Le sismomètre Rebeur-Paschwitz

Vous pouvez découvrir durant le parcours de visite, le premier sismomètre capable d’enregistrer des séismes lointains. Son concepteur est l’astronome et géophysicien Ernst Rebeur-Paschwitz alors en poste à l’Université de Karlsruhe. 

 

 

À l’origine de la sismologie moderne : une découverte par hasard.

Ernst Rebeur-Paschwitz travaille alors sur les marées terrestres et utilise pour ses observations un pendule de sa conception, très sensible. Il fait installer l’un de ses appareils à Potsdam et un second à près de 500 kilomètres, à Wilhelmshaven, près de la mer du Nord. Le 17 avril 1889, il enregistre conjointement de très fortes déviations de l'axe vertical sur les deux instruments, au moment où un violent séisme se produit près de Tokyo, au Japon…

Le jeune astronome ne comprend pas immédiatement à quoi correspondent les mouvements de ses instruments. Ce n’est que le 13 juin suivant, en lisant un article consacré au tremblement de terre du 17 avril dans la revue Nature, qu’il fait le rapprochement. Malgré les 8950 kilomètres qui séparent Tokyo de Potsdam, le séisme observé à 17h13 est enregistré par l’appareil dès 17h35. Les ondes sismiques ont parcouru cette distance à l'intérieur de la Terre à une vitesse moyenne supérieure à 1,6 km/s. L’appareil mis au point par Rebeur-Paschwitz permet, pour la première fois, de détecter des vibrations sismiques à des kilomètres de distance ! Il n’est donc plus nécessaire d’être sur place pour faire de la recherche sur les tremblements de terre.

 

A quoi ressemble ce sismomètre ?

Le sismomètre est mis au point en 1889 : il se compose d’un bâti en fonte de base triangulaire reposant sur trois pieds en laiton qui permettent un réglage de la hauteur. L’intérieur du bâti, de forme circulaire, permet de placer le pendule horizontal mobile, de 10 centimètres de long qui porte une masse de 42 grammes. L’ensemble du bâti est protégé par une cloche en verre.
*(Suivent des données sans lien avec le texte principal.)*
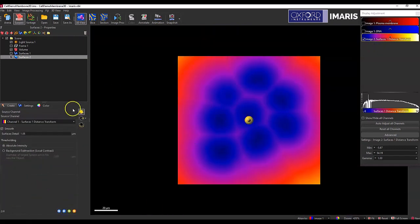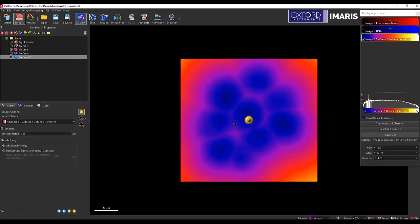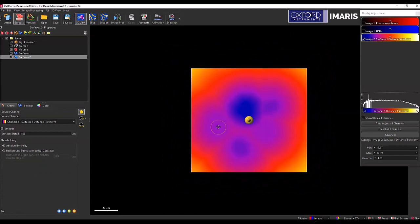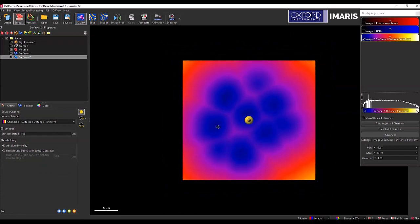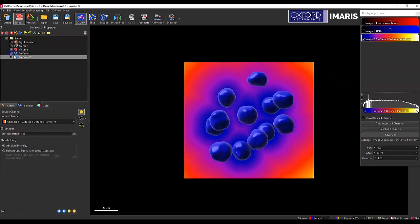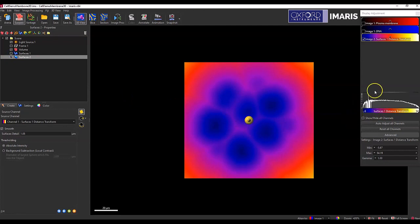And then I'm in the slicer rendering mode, as you can see, as I move through the Z stack, the areas inside where my original surfaces are will be colored black, meaning that they're inside where that distance transformation channel was created.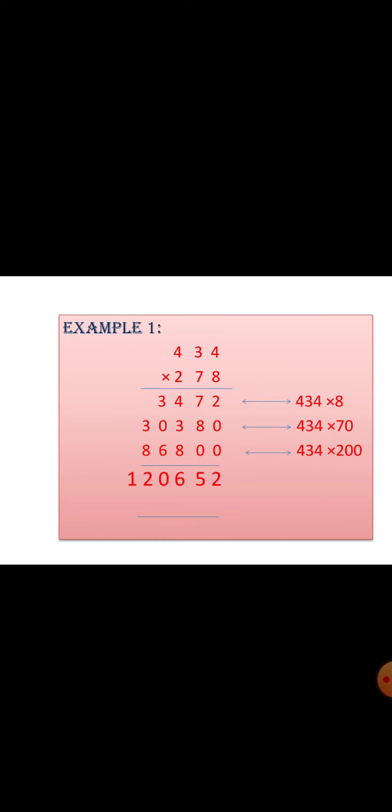Next, we are multiplying the number 7 with 434. The number 7 is in tenth place, so actually we are multiplying 70 with 434. First we will write the number 0 down, which is in 70, and then we will multiply with 7. 7 into 434. We have got the answer as 30380.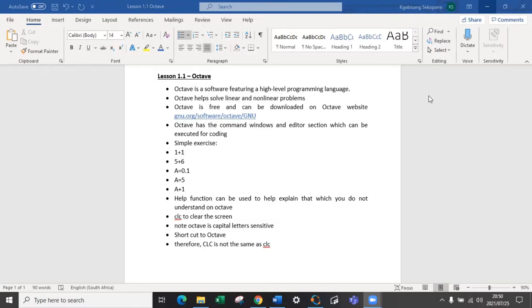What is Octave? Octave is a software featuring a high level programming language. Octave helps solve linear and non-linear problems. It can be downloaded on their website. Octave has a command window and an editor section which can help execute coding.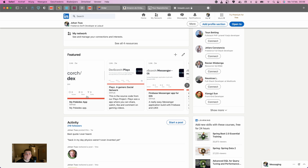So one more time: create a beautiful GitHub page with a lot of information, a lot of apps, and a lot of code that you have written yourself. And share it on LinkedIn, because a lot of people actually check LinkedIn when they are searching for developers.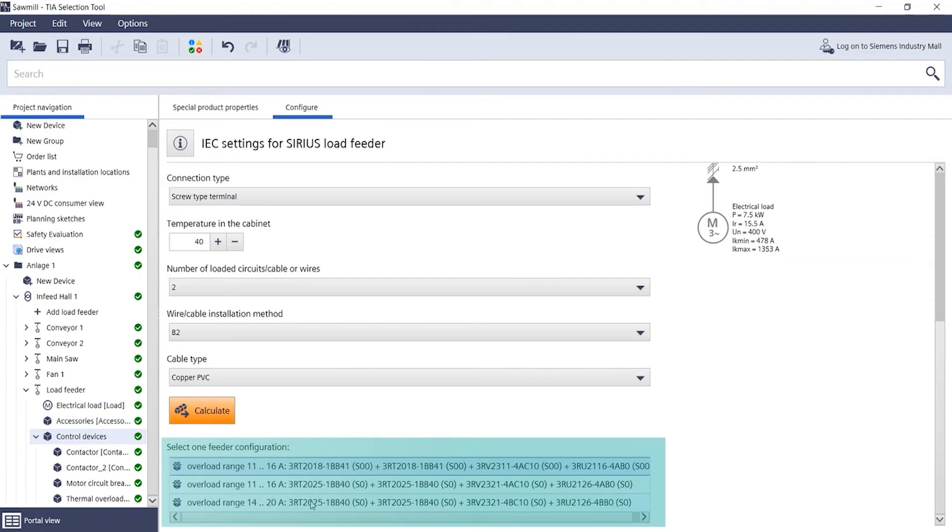Sometimes it is also recommended to change the size of the device. Here too, the configurator offers optional tested device combinations for free selection.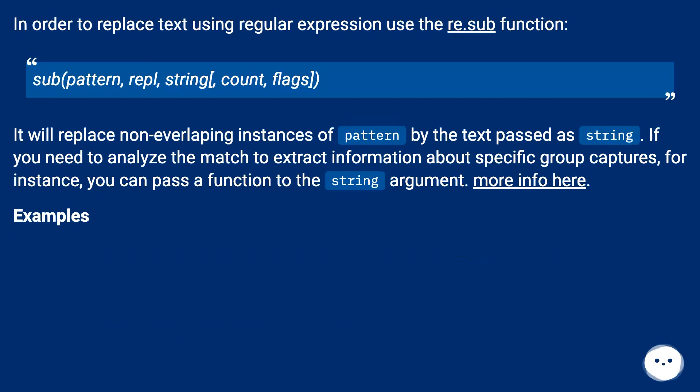In order to replace text using regular expression use the re.sub function. sub(pattern, repl, string, count, flags).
L’instrument utilise un système optique permettant l’enregistrement des mesures. L’appareil mis au point par Ernst Rebeur-Paschwitz est en effet le premier à enregistrer en continu les mouvements du sol sur du papier photographique. Cela permet d’éviter le frottement dans l’amplification et l’enregistrement du mouvement relatif du pendule.

Une postérité durable

Cette découverte, qui se fait presque par hasard, ouvre de nouvelles perspectives scientifiques très stimulantes, bien au-delà de son champ de recherche initial. Elle marque le passage pour la sismologie, d'une science régionale à une science mondiale et contribue à l'avènement de la sismologie observationnelle moderne dite « instrumentale »

Pour Ernst Rebeur-Paschwitz son instrument doit permettre de mieux appréhender les tremblements de terre en réalisant des observations régulières dans des endroits choisis. Ce point de vue rencontre l’adhésion de Georg Gerland, directeur de l’institut de Géographie de la nouvelle université fondée par l’Empire allemand à Strasbourg. Ce dernier favorise l’installation d’un pendule à Strasbourg en 1892, dont les observations sont mises en regard de celles réalisées à l’observatoire de Nicolajev (actuelle Mykolaïv en Ukraine), distant de 1800 kilomètres.  Ces différents capteurs espacés géographiquement doivent permettre de donner un contrôle continu des séismes les plus importants, en localiser le foyer, mais aussi de calculer les vitesses de propagation.

La mort précoce d’Ernst Rebeur-Paschwitz, en 1895 conduit Reinhold Ehlert à reprendre ses travaux. Cet élève de Georg Gerland conçoit alors un sismomètre à trois pendules afin d’améliorer la précision du signal. Son instrument est mis en place à Strasbourg dès 1895 et permet à Gerland d’œuvrer pour le développement de la sismologie moderne à Strasbourg. Cela se traduira par la construction d’un bâtiment dédié à l’accueil de ces équipements, la station sismologique de Strasbourg. Ces premiers résultats ouvrent également la voie au développement des réseaux de sismomètres à l’échelle mondiale : ainsi, une association internationale de sismologie est créée et dirigée depuis la capitale alsacienne.